We are frequently interested in finding minimizers of real functions.1
An optimization problem (or extremum problem) is a pair $(\mathcal{X} , f)$ in which $\mathcal{X} $ is a nonempty set called the constraint set and $f: \mathcal{X} \to \R $ is called the objective (or cost function).
If $\mathcal{X} $ is finite we call the optimization problem discrete. If $\mathcal{X} \subset \R ^d$ we call the optimization problem continuous.
We refer to all elements of the constraint set as feasible. We refer to an element $x \in \mathcal{X} $ of the constraint set as optimal if $f(x) = \inf_{z \in \mathcal{X} }f(z)$. We also refer to optimal elements as solutions of the optimization problem.
It is common for $f$ and $\mathcal{X} $ to depend on some other, known, given objects. In this case, these objects are often called parameters or problem data.
We often write optimization problems as
\[
\begin{aligned}
\text{minimize}\quad & f(x) \\
\text{subject to}\quad & x \in \mathcal{X} .
\end{aligned}
\]
It is common to let $f: \mathcal{X} \to \Rbar$, and allow there to exist $x \in \mathcal{X} $ for which $f(x) = \infty$. This technique can be used to embed further constraints in the objective. For example, we interpret $f(x) = +\infty$ to mean $x$ is infeasible.
If we have some function $g: \mathcal{X} \to \Rbar$ that we wish to maximize, we can always convert it to an optimization problem by defining $f: \mathcal{X} \to \Rbar$ by $f(x) = -g(x)$. In this case $g$ is often called a reward (or utility, profit).

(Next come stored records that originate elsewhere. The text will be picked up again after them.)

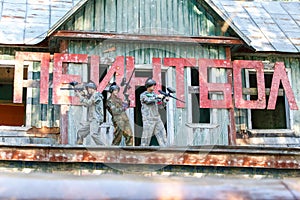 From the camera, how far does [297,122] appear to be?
14.6 m

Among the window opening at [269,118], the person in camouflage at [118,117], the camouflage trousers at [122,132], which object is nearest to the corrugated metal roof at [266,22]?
the window opening at [269,118]

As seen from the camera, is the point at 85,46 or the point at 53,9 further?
the point at 53,9

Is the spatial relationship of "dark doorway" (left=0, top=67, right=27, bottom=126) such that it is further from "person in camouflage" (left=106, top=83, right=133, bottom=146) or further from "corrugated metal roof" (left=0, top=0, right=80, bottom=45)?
"person in camouflage" (left=106, top=83, right=133, bottom=146)

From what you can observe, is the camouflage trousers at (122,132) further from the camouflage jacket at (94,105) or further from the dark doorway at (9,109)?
the dark doorway at (9,109)

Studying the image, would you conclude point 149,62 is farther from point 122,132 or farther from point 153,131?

A solver (or solution method, solution algorithm) for a family of optimization problems is a function $S$ mapping optimization problems to solutions.
Loosely speaking, the difficulty of “solving” the optimization problem $(\mathcal{X} , f)$ depends on the properties of $\mathcal{X} $ and $f$ and the problem “size”. For example, when $\mathcal{X} \subset \R ^d$ the difficulty is related to the “dimension” $d$ of $x \in \mathcal{X} $.